La censura attiene alla valutazione prognostica negativa circa la vulnerabilità in caso di rimpatrio che non terrebbe conto della situazione dei diritti in (OMISSIS) con particolare riferimento ai diritti fondamentali. Peraltro, non erano state tenute in debito conto le significative allegazioni del richiedente che aveva versato in atti documentazione comprovante il suo discreto effettivo percorso di inclusione sociale e lavorativo. Non sarebbe stata correttamente effettuata la comparazione tra le condizioni attuali e quelle in caso di rimpatrio e non sarebbe stato considerato che i presupposti per la concessione della protezione umanitaria possono fondarsi anche su condizioni temporali limitate nonchè riferibili alla speranza di un miglioramento della posizione personale del richiedente.

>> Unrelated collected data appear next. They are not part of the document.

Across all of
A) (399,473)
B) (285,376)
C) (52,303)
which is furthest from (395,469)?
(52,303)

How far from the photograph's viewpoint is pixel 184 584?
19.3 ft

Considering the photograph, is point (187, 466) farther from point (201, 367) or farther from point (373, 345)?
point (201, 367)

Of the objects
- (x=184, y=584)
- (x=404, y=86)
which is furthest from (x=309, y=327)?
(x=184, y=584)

3.1 Il terzo motivo è infondato.

La pronuncia impugnata risulta del tutto conforme ai principi di diritto espressi da questa Corte, atteso che, quanto al parametro dell’inserimento sociale e lavorativo dello straniero in Italia, esso può essere valorizzato come presupposto della protezione umanitaria non come fattore esclusivo, bensì come circostanza che può concorrere a determinare una situazione di vulnerabilità personale (Cass. n. 4455 del 2018), che, tuttavia, nel caso di specie è stata esclusa.

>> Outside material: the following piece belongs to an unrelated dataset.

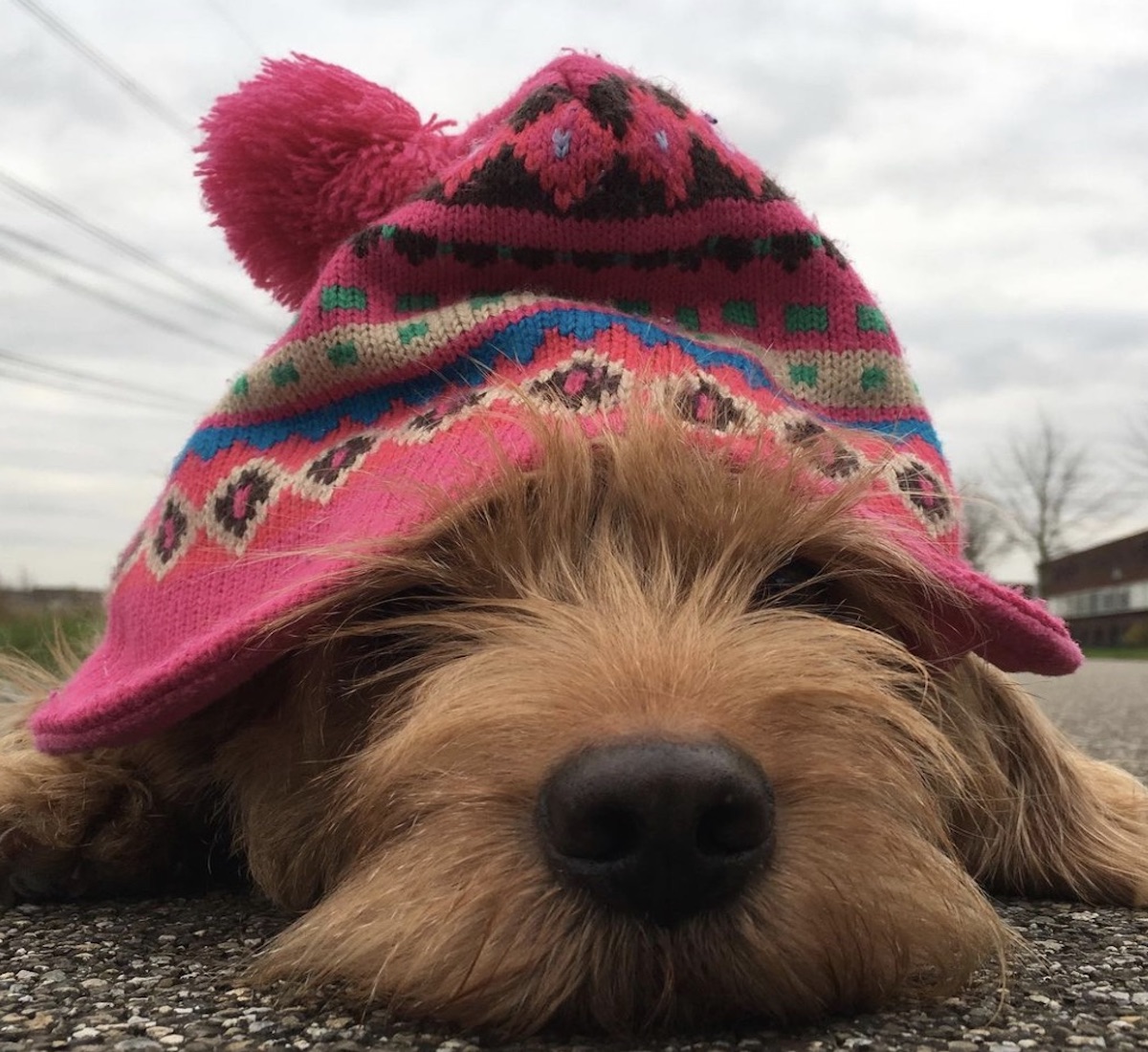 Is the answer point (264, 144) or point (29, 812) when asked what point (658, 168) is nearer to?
point (264, 144)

Giova aggiungere che le Sezioni Unite di questa Corte, nella recente sentenza n. 29460/2019, hanno ribadito, in motivazione, l’orientamento di questo giudice di legittimità in ordine al “rilievo centrale alla valutazione comparativa tra il grado d’integrazione effettiva nel nostro paese e la situazione soggettiva e oggettiva del richiedente nel paese di origine, al fine di verificare se il rimpatrio possa determinare la privazione della titolarità dell’esercizio dei diritti umani, al di sotto del nucleo ineliminabile e costitutivo della dignità personale”, rilevando che “non può, peraltro, essere riconosciuto al cittadino straniero il diritto al permesso di soggiorno per motivi umanitari considerando, isolatamente e astrattamente, il suo livello di integrazione in Italia, nè il diritto può essere affermato in considerazione del contesto di generale e non specifica compromissione dei diritti umani accertato in relazione al paese di provenienza (Cass. 28 giugno 2018, n. 17072)”, in quanto, “si prenderebbe altrimenti in considerazione non già la situazione particolare del singolo soggetto, ma piuttosto quella del suo paese di origine, in termini del tutto generali ed astratti, di per sè inidonea al riconoscimento della protezione umanitaria”.

4. Il ricorso è rigettato.

5. Ai sensi del D.P.R. n. 115 del 2002, art. 13, comma 1 quater, si dà atto della sussistenza dei presupposti processuali per il versamento da parte del ricorrente principale di un ulteriore importo a titolo di contributo unificato pari a quello previsto per il ricorso principale a norma dello stesso art. 13, comma 1 bis se dovuto.

PQM

La Corte rigetta il ricorso;

ai sensi del D.P.R. n. 115 del 2002, art. 13, comma 1 quater, si dà atto della sussistenza dei presupposti processuali per il versamento da parte del ricorrente principale di un ulteriore importo a titolo di contributo unificato pari a quello previsto per il ricorso principale a norma dello stesso art. 13, comma 1 bis se dovuto.

Così deciso in Roma, nella camera di consiglio della Sezione Seconda civile, il 21 febbraio 2020.